# Data for review
■ ■ ■ ■ ■ ■ ■

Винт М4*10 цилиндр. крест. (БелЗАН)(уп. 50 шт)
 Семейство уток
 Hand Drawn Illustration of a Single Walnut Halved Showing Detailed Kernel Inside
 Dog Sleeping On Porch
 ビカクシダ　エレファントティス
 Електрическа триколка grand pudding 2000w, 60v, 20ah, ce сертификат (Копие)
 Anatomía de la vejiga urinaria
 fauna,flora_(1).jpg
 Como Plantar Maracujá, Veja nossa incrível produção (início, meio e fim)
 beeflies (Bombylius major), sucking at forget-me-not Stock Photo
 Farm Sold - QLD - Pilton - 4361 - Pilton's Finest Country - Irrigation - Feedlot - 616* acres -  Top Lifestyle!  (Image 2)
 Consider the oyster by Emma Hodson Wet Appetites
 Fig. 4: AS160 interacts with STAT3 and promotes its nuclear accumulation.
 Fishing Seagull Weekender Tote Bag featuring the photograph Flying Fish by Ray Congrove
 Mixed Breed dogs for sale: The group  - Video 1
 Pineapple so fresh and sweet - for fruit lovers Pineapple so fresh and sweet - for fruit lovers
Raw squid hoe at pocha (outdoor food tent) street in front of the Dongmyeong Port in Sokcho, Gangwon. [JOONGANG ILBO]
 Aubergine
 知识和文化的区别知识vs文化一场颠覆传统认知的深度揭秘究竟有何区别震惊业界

■ ■ ■ ■ ■ ■ ■

# Your instructions
Starting at the line that contains "beeflies (Bombylius major), sucking", retype every line through the end of the records exactly, and nothing else.

# Answer below
 beeflies (Bombylius major), sucking at forget-me-not Stock Photo
 Farm Sold - QLD - Pilton - 4361 - Pilton's Finest Country - Irrigation - Feedlot - 616* acres -  Top Lifestyle!  (Image 2)
 Consider the oyster by Emma Hodson Wet Appetites
 Fig. 4: AS160 interacts with STAT3 and promotes its nuclear accumulation.
 Fishing Seagull Weekender Tote Bag featuring the photograph Flying Fish by Ray Congrove
 Mixed Breed dogs for sale: The group  - Video 1
 Pineapple so fresh and sweet - for fruit lovers Pineapple so fresh and sweet - for fruit lovers
Raw squid hoe at pocha (outdoor food tent) street in front of the Dongmyeong Port in Sokcho, Gangwon. [JOONGANG ILBO]
 Aubergine
 知识和文化的区别知识vs文化一场颠覆传统认知的深度揭秘究竟有何区别震惊业界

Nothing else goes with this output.